Three Months Ended June 30, 2009 Compared to Same Period in 2008
Operating Revenues. The $14 million increase was driven primarily by:
• a $40 million increase from expansion projects placed in service late in 2008 and in 2009,
• a $9 million increase in transportation and other revenues primarily from the acquisition of Ozark Gas Transmission, L.L.C. (Ozark Gas Transmission) in May 2009, and
• a $4 million increase in transportation and storage revenues from recoveries of fuel and electric power costs passed through to customers, partially offset by
• a $29 million decrease in processing revenues associated with pipeline operations, caused by lower prices and volumes, and
• a $5 million decrease resulting from a weaker Canadian dollar at M&N LP.
Operating, Maintenance and Other. The $30 million decrease was driven primarily by:
• a $34 million decrease in project development costs, reflecting a net benefit of $24 million in 2009 primarily due to a reimbursement of project development costs by customers on northeast expansions compared to expensed project development costs of $10 million in 2008, and
• a $7 million decrease in pipeline integrity costs, primarily due to the timing of pipeline integrity work, partially offset by
• a $5 million increase in operating costs primarily from higher fuel and electric power costs passed through to customers,
• a $4 million increase from expansion projects placed in service late in 2008 and in 2009, and
• a $4 million increase from Ozark Gas Transmission acquired in May 2009.
Depreciation and Amortization. The $4 million increase was primarily driven by expansion projects placed into service late in 2008 and in 2009.
Gains on Sales of Other Assets and Other, net. The $32 million decrease primarily reflects a customer bankruptcy settlement in June 2008.
Other Income and Expenses. The $13 million decrease was primarily a result of lower capitalization of interest on construction projects and from the discontinuance of SFAS No. 71, "Accounting for the Effects of Certain Types of Regulation," accounting treatment by Southeast Supply Header, LLC (SESH), an equity investee. These decreases were partially offset by earnings from expansion projects on Gulfstream and SESH placed into service in late 2008.

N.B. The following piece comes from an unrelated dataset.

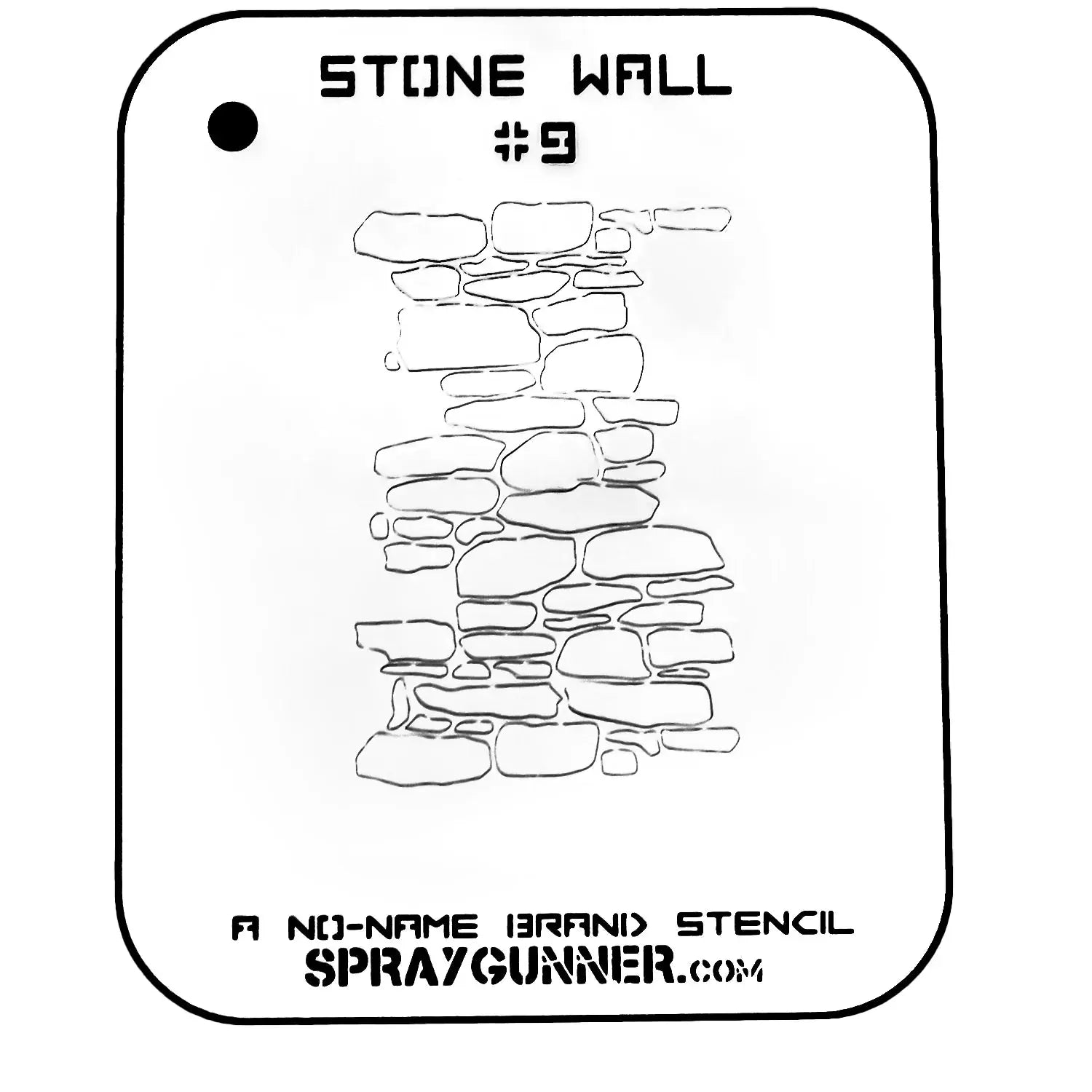 Stone Wall Stencil #9 by NO-NAME Brand features a reusable mylar design for creating realistic stone textures in airbrush art and scale modeling.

Noncontrolling Interests. The $5 million increase was driven by an increase in the noncontrolling interests ownership percentage resulting from the Spectra Energy Partners public sale of additional partner units in the second quarter of 2009 and higher earnings from Spectra Energy Partners and M&N LLC.
EBIT. The $10 million decrease was primarily due to a customer bankruptcy settlement in the prior period, and lower processing revenues. These decreases were partially offset by higher earnings from expansion projects and lower project development costs.
Six Months Ended June 30, 2009 Compared to Same Period in 2008
Operating Revenues. The $16 million increase was driven primarily by:
• a $65 million increase from expansion projects placed in service late in 2008 and in 2009,
• a $12 million increase in transportation and storage revenues from recoveries of fuel and electric power costs passed through to customers, and
• a $9 million increase in transportation and other revenues primarily from Ozark Gas Transmission acquired in May 2009, partially offset by
• a $58 million decrease in processing revenues associated with pipeline operations, caused by lower prices and volumes, and
• a $12 million decrease resulting from a weaker Canadian dollar at M&N LP.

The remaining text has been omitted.